**What the task asks**
Drop the pictures and repeat exactly from the "Mercedes-Benz V-Class 2024" line down to the last line of the entries below.

---- Source records

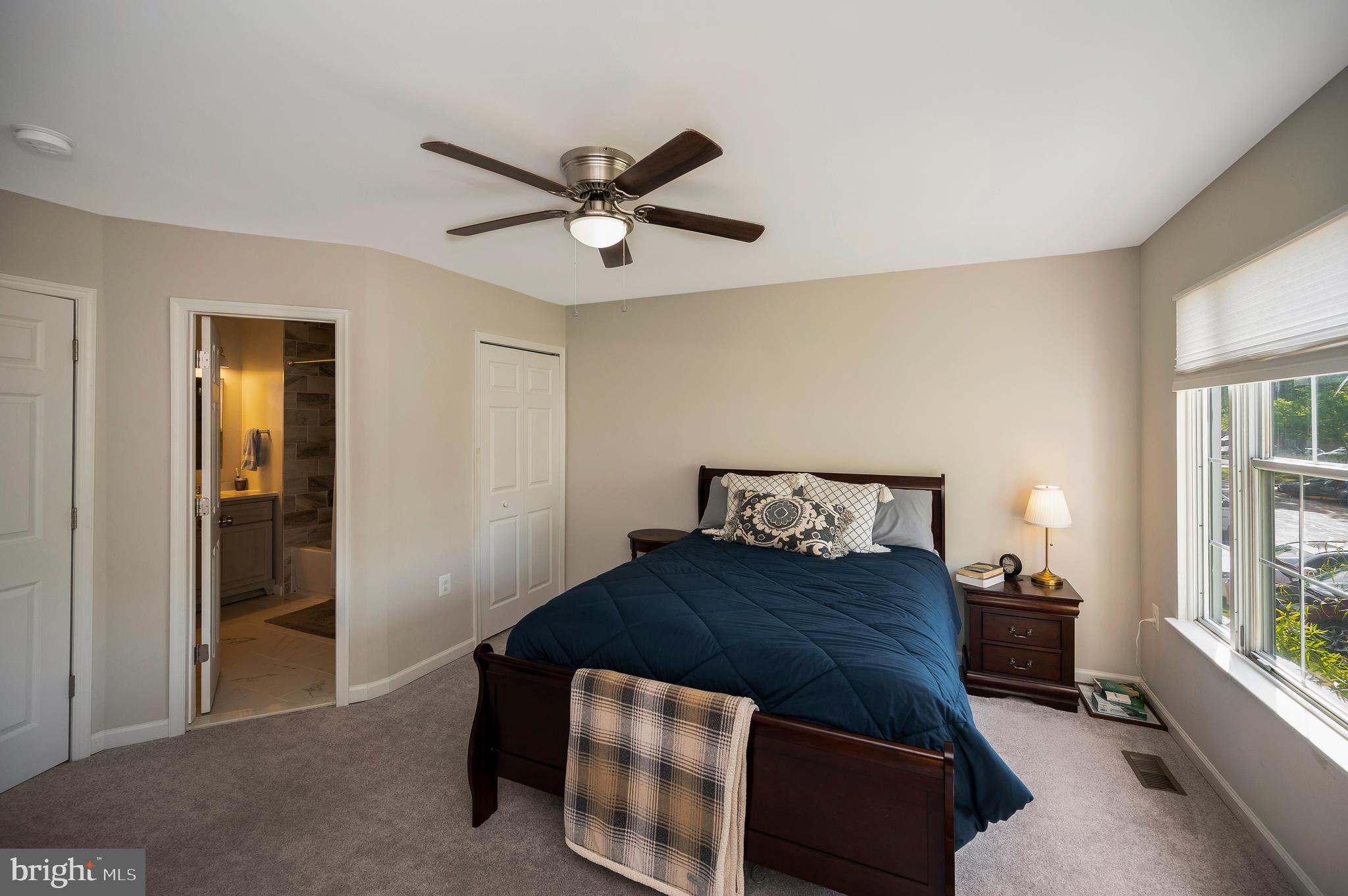 8616 Venoy Ct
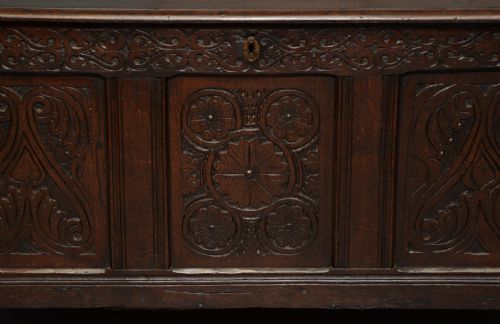 CHARMING 17TH CENTURY CARVED OAK COFFER CHEST - ADDITIONAL PHOTO 9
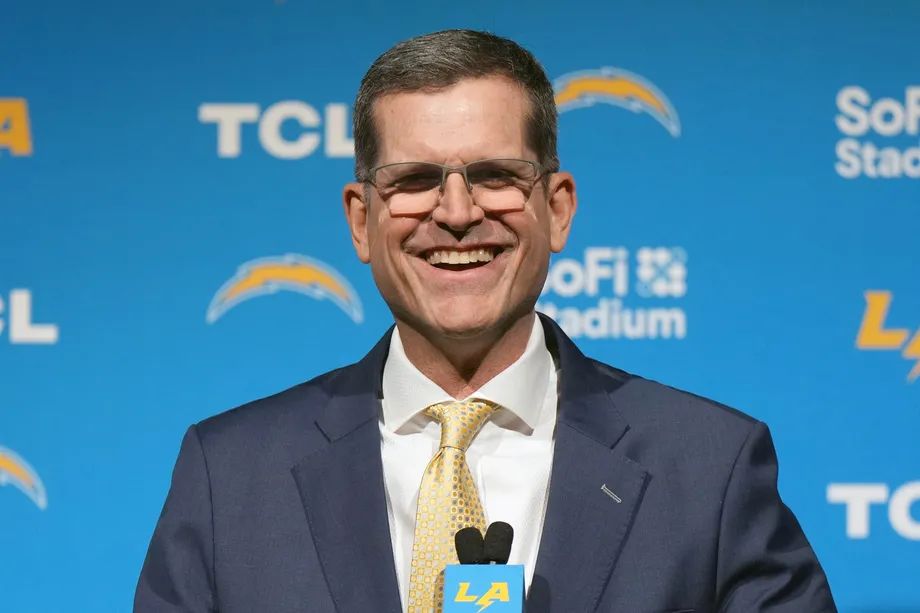 Jim Harbaugh adds failed former Bears coach to his coaching staff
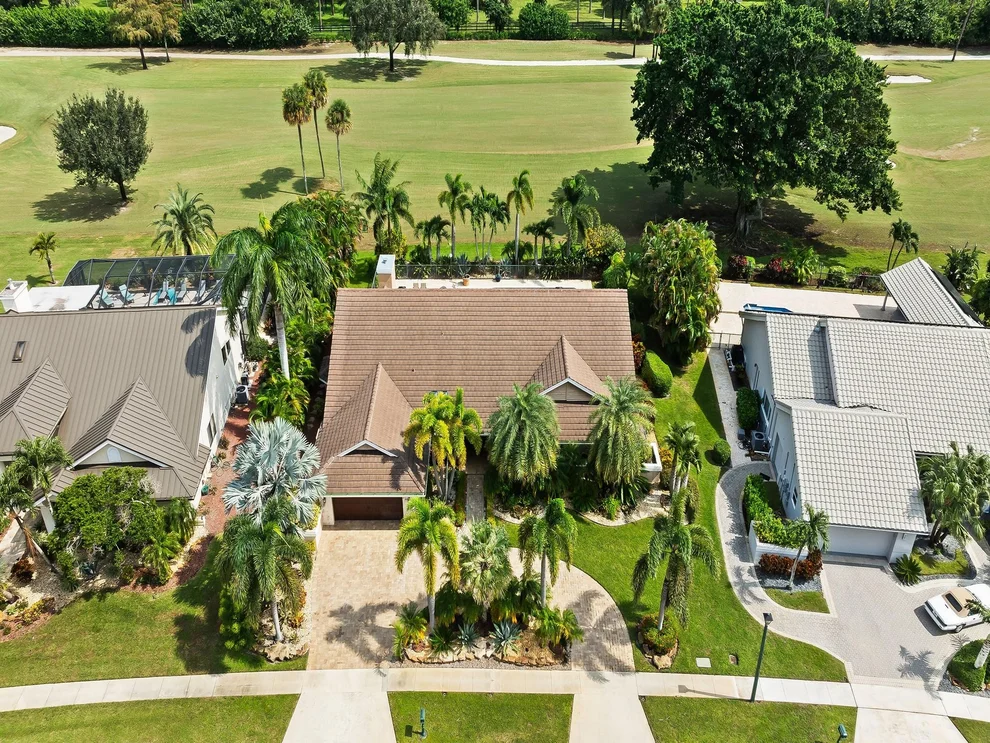 Unit for sale at 10630 Boca Woods Lane, Boca Raton, FL 33428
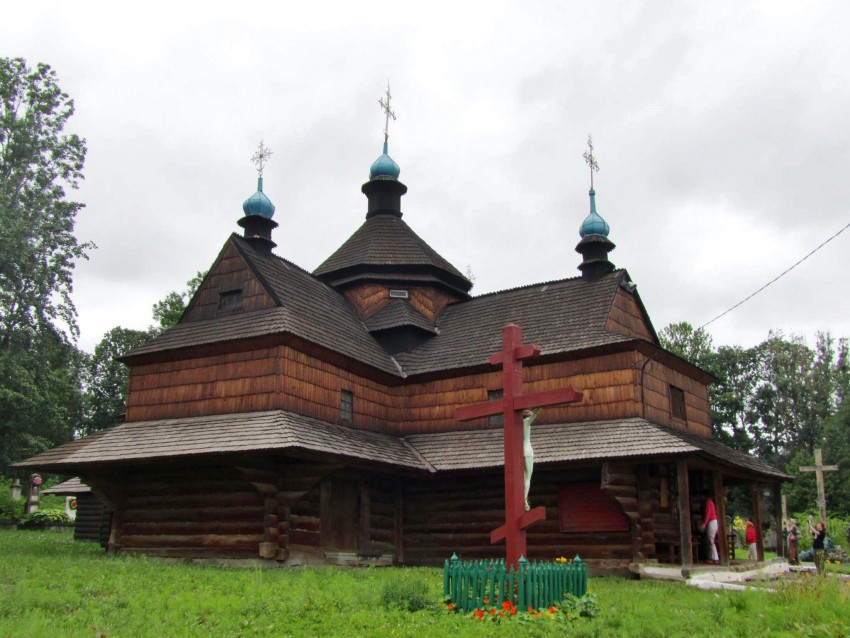 Коломыя. Церковь Благовещения Пресвятой Богородицы. фасады, вид с юго-запада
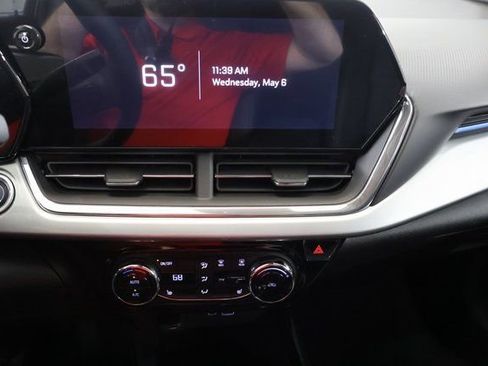 New 2026 Chevrolet Trax LT w/ LT Convenience Package FWD image 17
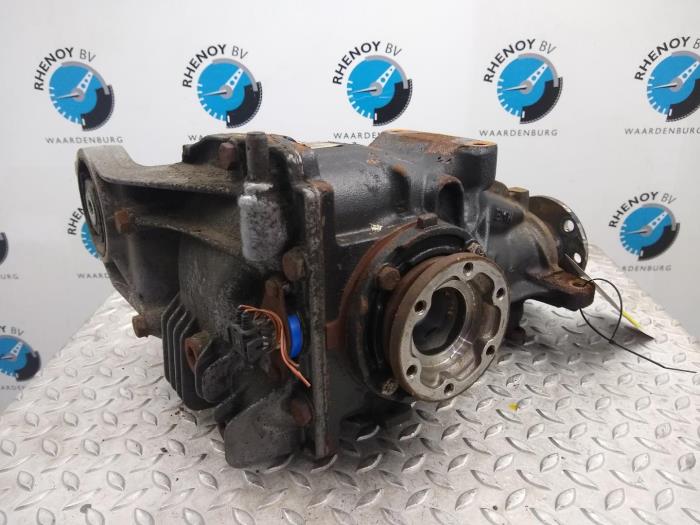 Gebrauchte Differential hinten BMW 3-Serie Preis € 248,05 Mit Mehrwertsteuer angeboten von Rhenoy Onderdelen b.v.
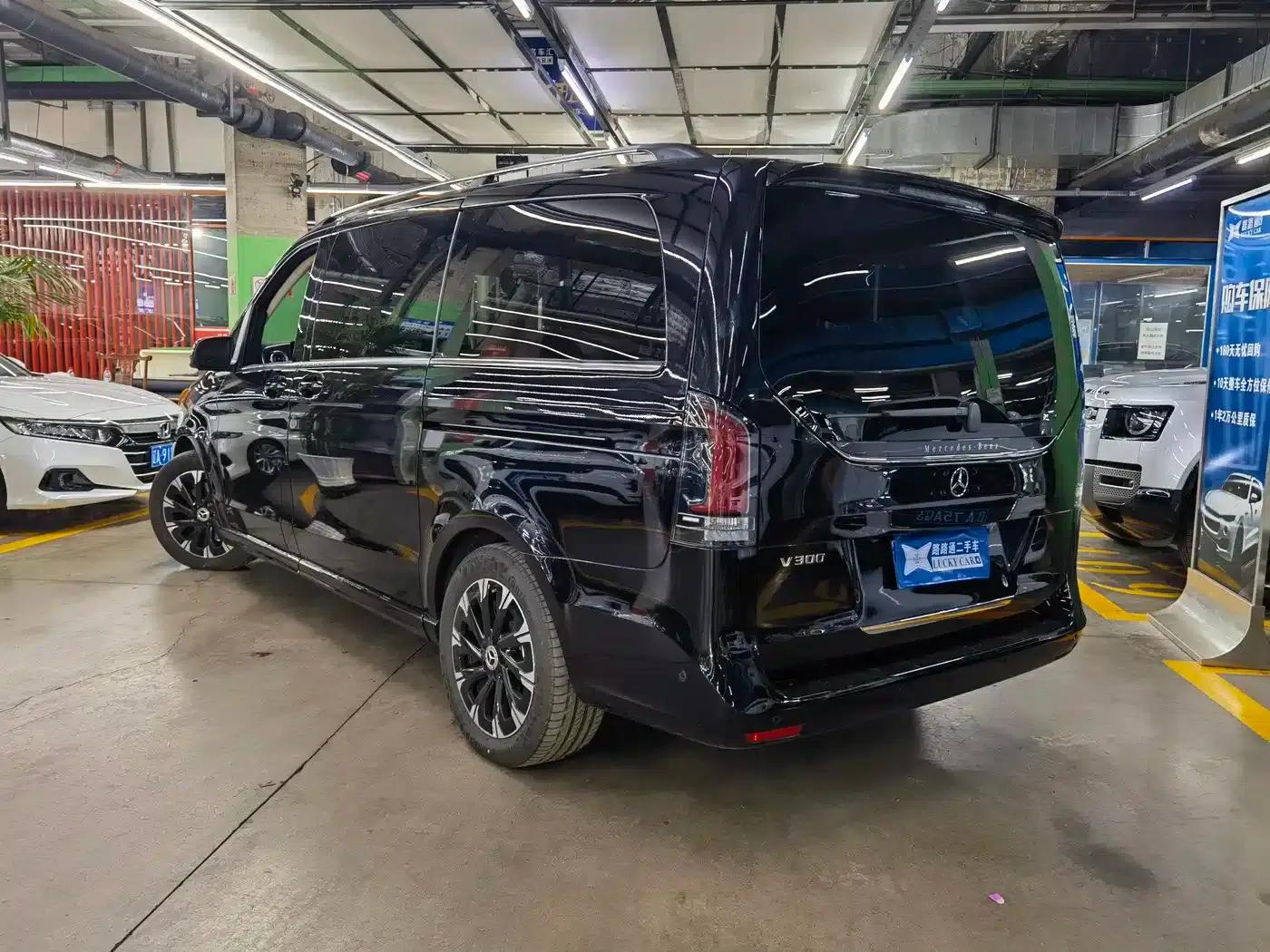 Mercedes-Benz V-Class 2024 V 300 Premium Edition — миниатюра 6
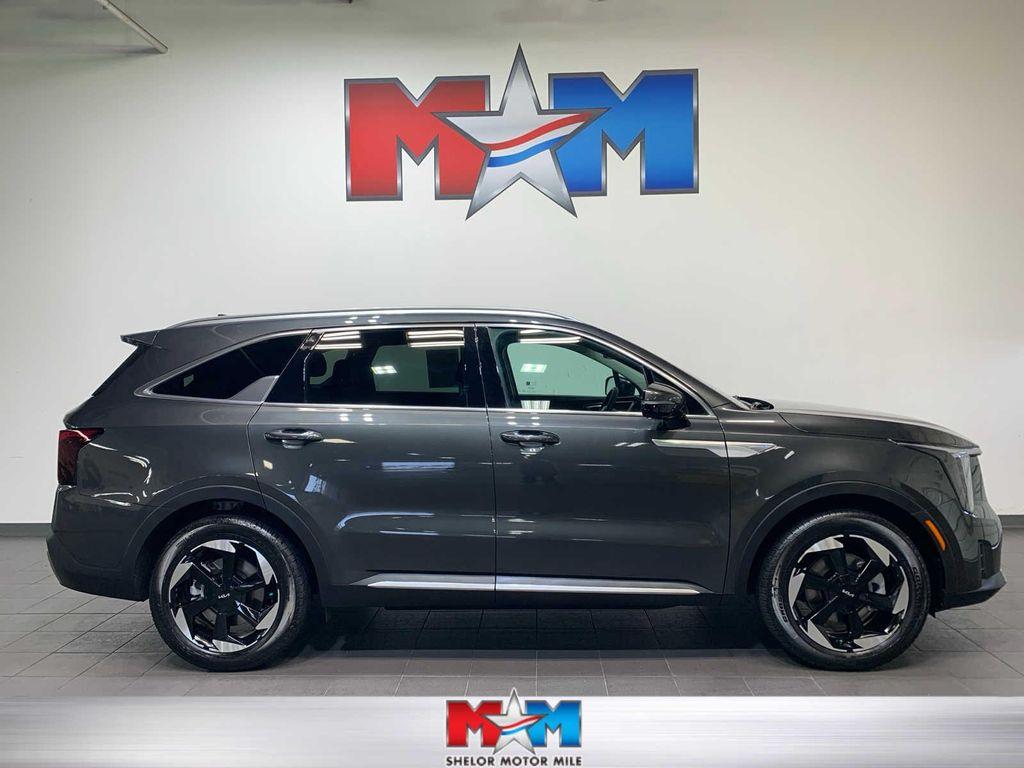 used 2025 Kia Sorento Hybrid car, priced at $35,988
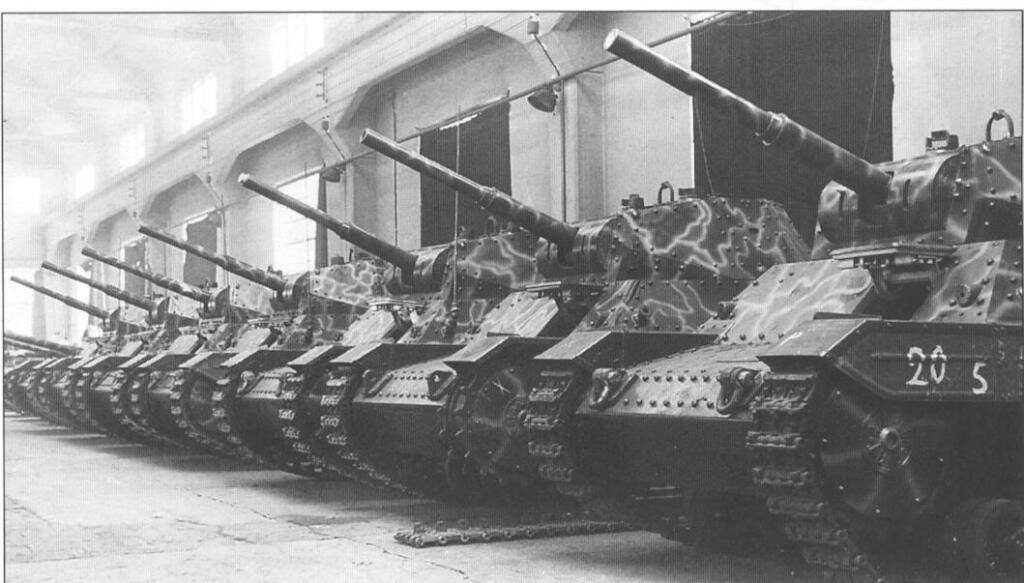 Танки P26/40 внутри завода Ansaldo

--------

**Answer space**
 Mercedes-Benz V-Class 2024 V 300 Premium Edition — миниатюра 6
 used 2025 Kia Sorento Hybrid car, priced at $35,988
 Танки P26/40 внутри завода Ansaldo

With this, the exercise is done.